Ernesto
Miranda era um desses “descartados” da vida social: pobre, nascido no estado do
Arizona no ano de 1941, desde cedo começou a meter-se em encrencas, que
culminaram com a sua acusação de sequestro, estupro e roubo; isto se deu no ano
de 1963. Interrogado pela polícia, confessou haver praticado os crimes, o que
lhe valeu uma condenação, porém foi interposto recurso à Suprema Corte, que
concordou em ouvir o seu caso (ao contrário do que ocorre no Brasil, não são
todos os recursos automaticamente aceitos na mais alta corte de justiça dos EUA).
O
caso possuía uma característica importante: a sua confissão não fora precedida
da advertência de que ele poderia permanecer em silêncio e que tudo o que
dissesse poderia ser utilizado em seu desfavor quando do julgamento. Ou seja:
os policiais que o interrogaram esqueceram (Freud explica?) de informa-lo de
seus direitos, entre os quais o de permanecer em silêncio. Discutindo a
violação desse direito, o caso chegou até a Suprema Corte e lhe deu razão, determinando
que o interrogatório-confissão não poderia ser utilizado em seu processo e,
claro, em seu desfavor.
A
discussão na Suprema Côrte tomou o nome de Miranda vs Arizona e tal ocorreu em
meados da década de ’60 e o que se debatia ali era a aplicação do princípio “nemo
tenetur se detegere” ou “privilege against self incrimination”, em vernáculo: “ninguém
pode ser obrigado a fazer prova contra si mesmo”. Este princípio hoje está
agasalhado na Constituição da República Federativa do Brasil, que, como se
sabe, é do ano de 1988; depois dela, também a legislação infraconstitucional a
acolheu: uma lei de 1° de dezembro de 2003, a de número 10.792, alterou o
artigo 187 do Código de Processo Penal, determinando, ao dispor sobre o
interrogatório do réu, que “depois de devidamente qualificado e cientificado do
inteiro teor da acusação, o acusado será informado pelo juiz, antes de iniciar
o interrogatório, do seu direito de permanecer calado e de não responder as
perguntas que lhe foram formuladas”; o parágrafo único estabelece que “o
silêncio, que não importará em confissão, não poderá ser interpretado em
prejuízo da defesa”. Isso quarenta anos após Miranda vs Arizona.
Mas
o “jeitinho” brasileiro existe até na aplicação da lei penal. Alguns agentes da
autoridade, ao prenderem em flagrante delito um (suposto) sujeito ativo de um
crime, no interior da viatura em que ele era conduzido ao plantão policial,
perguntavam na base do “aqui entre nós” se ele era o autor do ilícito. Ele,
acreditando no “aqui entre nós”, admitia ser o autor do fato. Quando era
interrogado pela autoridade policial e devidamente informado de seu direito de
permanecer calado, ele não respondia as perguntas que lhe eram feitas. Porém,
os agentes da autoridade prestavam depoimento e diziam que o acusado havia “informalmente”

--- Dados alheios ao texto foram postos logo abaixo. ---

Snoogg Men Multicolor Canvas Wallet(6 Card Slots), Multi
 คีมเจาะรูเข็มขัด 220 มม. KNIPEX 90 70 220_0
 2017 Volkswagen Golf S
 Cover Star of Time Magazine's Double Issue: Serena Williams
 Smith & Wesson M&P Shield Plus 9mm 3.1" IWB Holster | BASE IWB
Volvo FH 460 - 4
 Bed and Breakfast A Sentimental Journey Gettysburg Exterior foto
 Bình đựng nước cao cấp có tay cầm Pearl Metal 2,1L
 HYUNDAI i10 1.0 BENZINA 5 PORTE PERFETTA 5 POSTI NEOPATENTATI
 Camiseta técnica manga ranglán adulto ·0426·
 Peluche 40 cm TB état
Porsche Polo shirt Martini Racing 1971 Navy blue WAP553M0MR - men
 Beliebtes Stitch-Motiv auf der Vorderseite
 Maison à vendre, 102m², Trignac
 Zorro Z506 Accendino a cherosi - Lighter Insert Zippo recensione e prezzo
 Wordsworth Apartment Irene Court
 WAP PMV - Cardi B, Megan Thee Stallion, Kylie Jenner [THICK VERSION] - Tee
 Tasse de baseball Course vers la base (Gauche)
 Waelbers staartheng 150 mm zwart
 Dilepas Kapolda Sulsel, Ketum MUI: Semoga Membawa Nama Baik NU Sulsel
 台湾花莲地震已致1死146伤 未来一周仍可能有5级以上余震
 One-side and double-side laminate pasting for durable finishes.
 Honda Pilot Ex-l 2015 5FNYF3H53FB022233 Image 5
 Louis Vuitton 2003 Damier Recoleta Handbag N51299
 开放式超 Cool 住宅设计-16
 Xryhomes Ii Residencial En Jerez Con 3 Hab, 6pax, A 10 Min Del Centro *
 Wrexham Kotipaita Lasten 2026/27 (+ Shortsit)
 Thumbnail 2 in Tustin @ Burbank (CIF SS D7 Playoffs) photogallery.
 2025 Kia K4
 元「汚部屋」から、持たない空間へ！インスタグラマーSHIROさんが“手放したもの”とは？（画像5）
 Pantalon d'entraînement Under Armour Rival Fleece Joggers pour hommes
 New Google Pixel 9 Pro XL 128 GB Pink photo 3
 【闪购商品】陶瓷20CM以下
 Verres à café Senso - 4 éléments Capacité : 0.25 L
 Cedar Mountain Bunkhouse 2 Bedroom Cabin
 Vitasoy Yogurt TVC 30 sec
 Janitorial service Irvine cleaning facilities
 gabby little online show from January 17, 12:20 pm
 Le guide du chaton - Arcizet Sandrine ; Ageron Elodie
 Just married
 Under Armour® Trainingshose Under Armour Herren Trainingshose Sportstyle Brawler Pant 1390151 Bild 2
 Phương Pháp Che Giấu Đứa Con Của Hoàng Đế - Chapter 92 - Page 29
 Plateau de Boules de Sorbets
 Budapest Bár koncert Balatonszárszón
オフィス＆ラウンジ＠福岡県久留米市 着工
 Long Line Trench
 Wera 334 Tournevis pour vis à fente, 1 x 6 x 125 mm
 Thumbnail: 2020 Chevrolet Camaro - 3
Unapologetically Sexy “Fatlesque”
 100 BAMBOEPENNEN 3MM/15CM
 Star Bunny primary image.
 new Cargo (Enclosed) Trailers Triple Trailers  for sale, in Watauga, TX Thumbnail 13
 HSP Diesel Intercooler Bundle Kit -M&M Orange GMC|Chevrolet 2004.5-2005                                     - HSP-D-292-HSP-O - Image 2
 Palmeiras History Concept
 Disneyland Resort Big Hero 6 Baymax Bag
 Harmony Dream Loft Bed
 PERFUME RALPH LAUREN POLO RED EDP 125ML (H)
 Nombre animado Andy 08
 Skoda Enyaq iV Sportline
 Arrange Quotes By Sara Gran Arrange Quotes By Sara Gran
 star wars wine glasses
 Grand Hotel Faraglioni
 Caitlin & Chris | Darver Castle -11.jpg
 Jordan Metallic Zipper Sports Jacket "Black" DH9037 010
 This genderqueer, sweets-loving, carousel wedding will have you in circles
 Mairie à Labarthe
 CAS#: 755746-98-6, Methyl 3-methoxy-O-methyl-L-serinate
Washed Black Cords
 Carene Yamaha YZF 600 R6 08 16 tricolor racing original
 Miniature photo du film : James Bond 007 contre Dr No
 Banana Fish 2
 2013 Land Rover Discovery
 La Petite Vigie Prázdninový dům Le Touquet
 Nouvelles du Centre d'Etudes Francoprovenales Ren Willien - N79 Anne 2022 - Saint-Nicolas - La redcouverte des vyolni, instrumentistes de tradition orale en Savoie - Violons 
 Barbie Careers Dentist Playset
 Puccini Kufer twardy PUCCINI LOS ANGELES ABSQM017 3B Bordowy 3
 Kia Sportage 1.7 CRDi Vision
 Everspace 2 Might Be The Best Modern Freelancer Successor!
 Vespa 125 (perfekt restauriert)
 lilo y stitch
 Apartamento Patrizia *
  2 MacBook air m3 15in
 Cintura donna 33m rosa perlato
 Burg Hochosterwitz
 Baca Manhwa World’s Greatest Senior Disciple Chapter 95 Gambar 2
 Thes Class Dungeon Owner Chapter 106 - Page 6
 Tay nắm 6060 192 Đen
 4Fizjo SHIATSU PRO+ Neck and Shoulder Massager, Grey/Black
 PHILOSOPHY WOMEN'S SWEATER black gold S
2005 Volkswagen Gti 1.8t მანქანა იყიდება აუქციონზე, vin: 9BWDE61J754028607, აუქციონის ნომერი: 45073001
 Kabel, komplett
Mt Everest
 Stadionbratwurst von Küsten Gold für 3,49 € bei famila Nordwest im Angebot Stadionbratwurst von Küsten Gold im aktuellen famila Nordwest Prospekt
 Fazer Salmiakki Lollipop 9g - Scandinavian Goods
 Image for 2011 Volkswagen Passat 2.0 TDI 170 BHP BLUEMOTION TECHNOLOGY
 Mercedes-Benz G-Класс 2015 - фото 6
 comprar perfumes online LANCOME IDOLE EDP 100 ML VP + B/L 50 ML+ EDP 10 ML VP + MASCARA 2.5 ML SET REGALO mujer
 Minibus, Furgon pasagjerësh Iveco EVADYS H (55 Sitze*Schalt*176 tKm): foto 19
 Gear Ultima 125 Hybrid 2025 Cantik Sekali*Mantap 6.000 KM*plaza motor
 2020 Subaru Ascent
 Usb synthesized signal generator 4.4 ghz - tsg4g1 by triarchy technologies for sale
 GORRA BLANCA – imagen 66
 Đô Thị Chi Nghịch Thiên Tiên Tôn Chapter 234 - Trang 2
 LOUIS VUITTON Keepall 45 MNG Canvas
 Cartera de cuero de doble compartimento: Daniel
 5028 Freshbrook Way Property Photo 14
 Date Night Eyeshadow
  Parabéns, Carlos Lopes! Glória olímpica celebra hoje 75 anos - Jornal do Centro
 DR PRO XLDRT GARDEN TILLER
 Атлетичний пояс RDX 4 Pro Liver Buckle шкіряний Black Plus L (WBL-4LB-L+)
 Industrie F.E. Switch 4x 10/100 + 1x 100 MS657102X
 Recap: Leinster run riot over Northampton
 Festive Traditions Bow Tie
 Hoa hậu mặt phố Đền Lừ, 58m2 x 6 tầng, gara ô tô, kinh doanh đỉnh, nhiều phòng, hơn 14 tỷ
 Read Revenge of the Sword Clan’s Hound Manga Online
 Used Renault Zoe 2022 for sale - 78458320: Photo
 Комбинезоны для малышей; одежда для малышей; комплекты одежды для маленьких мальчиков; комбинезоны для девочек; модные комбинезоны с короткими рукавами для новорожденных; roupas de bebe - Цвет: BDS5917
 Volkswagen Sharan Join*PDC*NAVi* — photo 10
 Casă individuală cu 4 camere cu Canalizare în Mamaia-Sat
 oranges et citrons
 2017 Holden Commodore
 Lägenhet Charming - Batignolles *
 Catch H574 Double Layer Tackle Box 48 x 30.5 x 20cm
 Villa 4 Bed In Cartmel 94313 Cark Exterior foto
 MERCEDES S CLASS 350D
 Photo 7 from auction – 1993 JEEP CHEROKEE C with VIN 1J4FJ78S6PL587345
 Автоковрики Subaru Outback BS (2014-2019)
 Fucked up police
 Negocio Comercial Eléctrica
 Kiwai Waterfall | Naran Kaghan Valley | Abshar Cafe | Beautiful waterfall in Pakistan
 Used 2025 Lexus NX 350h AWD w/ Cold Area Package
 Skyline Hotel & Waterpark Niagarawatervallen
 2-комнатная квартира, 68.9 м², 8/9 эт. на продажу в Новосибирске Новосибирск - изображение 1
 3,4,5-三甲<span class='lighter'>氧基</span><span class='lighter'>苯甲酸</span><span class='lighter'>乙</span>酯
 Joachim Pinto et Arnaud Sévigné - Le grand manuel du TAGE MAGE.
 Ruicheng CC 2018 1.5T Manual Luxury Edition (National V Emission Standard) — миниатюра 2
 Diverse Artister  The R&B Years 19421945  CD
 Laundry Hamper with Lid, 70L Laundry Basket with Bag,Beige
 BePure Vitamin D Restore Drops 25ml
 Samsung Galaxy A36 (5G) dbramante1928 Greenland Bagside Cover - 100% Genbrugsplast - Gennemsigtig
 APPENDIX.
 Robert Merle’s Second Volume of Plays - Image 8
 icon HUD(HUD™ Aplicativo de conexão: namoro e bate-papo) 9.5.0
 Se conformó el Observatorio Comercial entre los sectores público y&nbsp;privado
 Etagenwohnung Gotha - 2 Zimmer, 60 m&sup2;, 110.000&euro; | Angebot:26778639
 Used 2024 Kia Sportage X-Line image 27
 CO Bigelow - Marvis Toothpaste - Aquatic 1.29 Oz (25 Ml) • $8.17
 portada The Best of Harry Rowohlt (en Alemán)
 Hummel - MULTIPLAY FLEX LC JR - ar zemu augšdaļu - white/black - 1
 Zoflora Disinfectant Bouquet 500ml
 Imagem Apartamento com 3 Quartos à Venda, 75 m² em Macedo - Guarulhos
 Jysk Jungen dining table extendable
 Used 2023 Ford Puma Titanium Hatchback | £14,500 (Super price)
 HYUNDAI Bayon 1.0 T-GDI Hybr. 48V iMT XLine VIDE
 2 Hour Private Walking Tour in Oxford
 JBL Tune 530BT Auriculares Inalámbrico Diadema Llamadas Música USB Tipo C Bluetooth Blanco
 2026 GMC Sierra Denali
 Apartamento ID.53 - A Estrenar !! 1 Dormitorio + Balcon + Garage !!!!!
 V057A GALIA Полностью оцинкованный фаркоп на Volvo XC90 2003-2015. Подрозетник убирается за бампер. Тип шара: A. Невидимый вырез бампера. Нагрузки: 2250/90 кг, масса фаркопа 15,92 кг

admitido ser o autor do crime:> era o quanto bastava para que se aceitasse
como prova da autoria aqueles depoimentos.
A
lei processual penal não contempla a figura da “confissão informal” – aliás, em
matéria de Direito nada é informal, tudo deve ser formal, no sentido de que
devem ser seguidas as formalidades para o ato jurídico sob pena de nulidade (não
se pode esquecer o brocardo jurídico “forma dat esse rei” – “a forma é que dá
existência [vida] à coisa”) e a admissão de culpa somente poderá ter validade
se feita perante o juiz e se o acusado for advertido de que pode permanecer
calado.
Falta
alguém levar à suprema corte brasileira, o Supremo Tribunal Federal essa
questão: é válida a confissão “informal”? Se levada, espera-se que, tal qual
ocorreu na maior democracia do mundo, a resposta seja negativa, banindo do
território jurídico mais uma manifestação do “jeitinho brasileiro”.
PS - Ernesto Mirando faleceu no ano de 1976, aos 35 anos de idade.